沈诗雨学着张婶的样子,伸出手小心翼翼地采摘桑叶。刚开始动作还很生疏,要么采到了老叶,要么不小心碰掉了桑叶上的露珠,手指很快就被桑叶的边缘划得有些发红。但她学得很认真,仔细观察着其他妇人的动作,慢慢找到了技巧,采摘的速度也快了起来。
太阳渐渐升高,晨雾散去,阳光变得灼热起来。沈诗雨额头上渗出了细密的汗珠,后背的衣服也被汗水浸湿,胳膊又酸又麻,比起现代的体育课,采桑的活儿要累得多。但看着竹篮里渐渐堆满的桑叶,她心中涌起一股成就感——这是她在唐朝靠自己的双手换来的第一份收获。
“沈姑娘,歇会儿吧,别累着了。”张婶递给她一个水囊,“咱们庄稼人干活,讲究劳逸结合,急不得。”沈诗雨接过水囊,喝了几口清凉的井水,坐在桑树下的石头上休息。
几位妇人围了过来,好奇地问起她的来历,沈诗雨按照之前编造的说法一一回应,众人见她谈吐文雅,性格温和,也渐渐放下了戒备,跟她聊起了村里的琐事。从她们的交谈中,沈诗雨得知,云栖村虽然偏僻,但因为靠近云栖谷,偶尔会有路过的商人或旅人前来歇脚,村里也有一家小小的杂货铺,售卖一些日常所需的物品。

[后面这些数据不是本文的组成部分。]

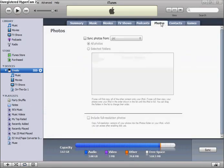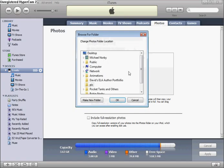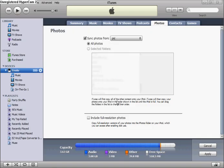You click photos up on the tabs, and then you click sync photos from. Then you click choose folder, look for it, choose it. You press OK, and then you go all the way down here and click apply.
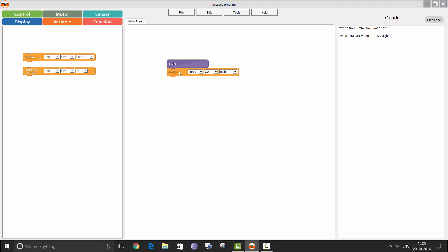You can see there are three values in the motor block. The first one defines the port to which the motor is connected. As the SRBrain has four motor ports, you can select from port 1 to port 4. The second defines the direction in which the motor will rotate — you can choose clockwise direction, anti-clockwise direction, and stop. The third value defines the speed at which the motor will rotate; you have an option to choose from three speeds: high, medium, and slow.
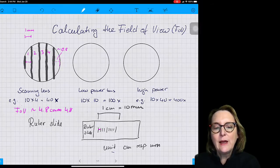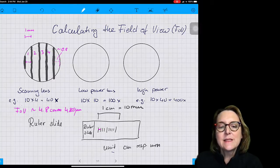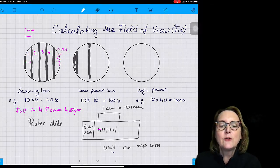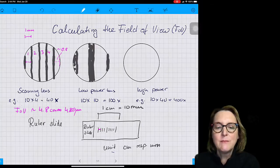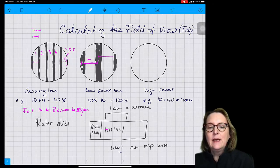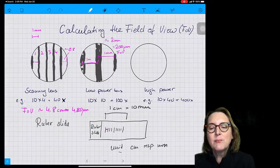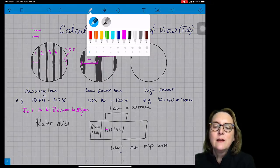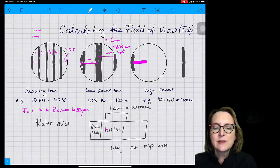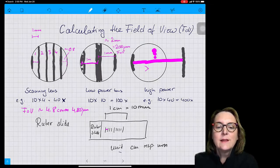When I move to the low power lens, I can still measure my field of view. In that case, the field of view was about 2 millimeters, or 2000 micrometers. When I switched to the high power lens, I could see that my field of view was less than a millimeter — approximately half a millimeter, or 500 micrometers. However, I cannot exactly measure that with this type of ruler slide, but I can calculate the field of view, which is what we're going to learn today.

休息了片刻,沈诗雨又跟着众人继续采桑。一直忙到日头偏西,她们才背着满满一篮桑叶回到村里。张婶把沈诗雨采的桑叶分成两份,一份给了养蚕的李嫂,另一份让她自己留着:“你要是想养蚕,我可以给你拿些蚕种,等蚕结了茧,缫成丝就能织布了。”
沈诗雨谢过张婶,提着半篮桑叶回到自己的小屋。虽然身体疲惫,但想到自己今天学到了采桑的技能,心中便充满了动力。她把桑叶放在通风的地方摊开,又去院子里打了井水,洗漱了一番,才坐下来休息。
接下来的几天,沈诗雨每天都跟着张婶和村里的妇人一起采桑、纺纱。纺纱是个细致活,需要极大的耐心和技巧。刚开始,她纺出的线要么粗细不均,要么容易断裂,手指也被纺车磨得红肿。但她没有放弃,每天反复练习,渐渐地越来越熟练,纺出的线也变得均匀顺滑。
村里的人都很友善,见她勤快好学,经常有人给她送些蔬菜、粮食,还有人教她做唐朝的吃食。沈诗雨也把自己背包里带的一些现代小物件,比如打火机、小镜子,送给了村里的孩子和妇人,这些在现代不起眼的东西,在唐朝却成了稀罕物,让村民们对她更加亲近。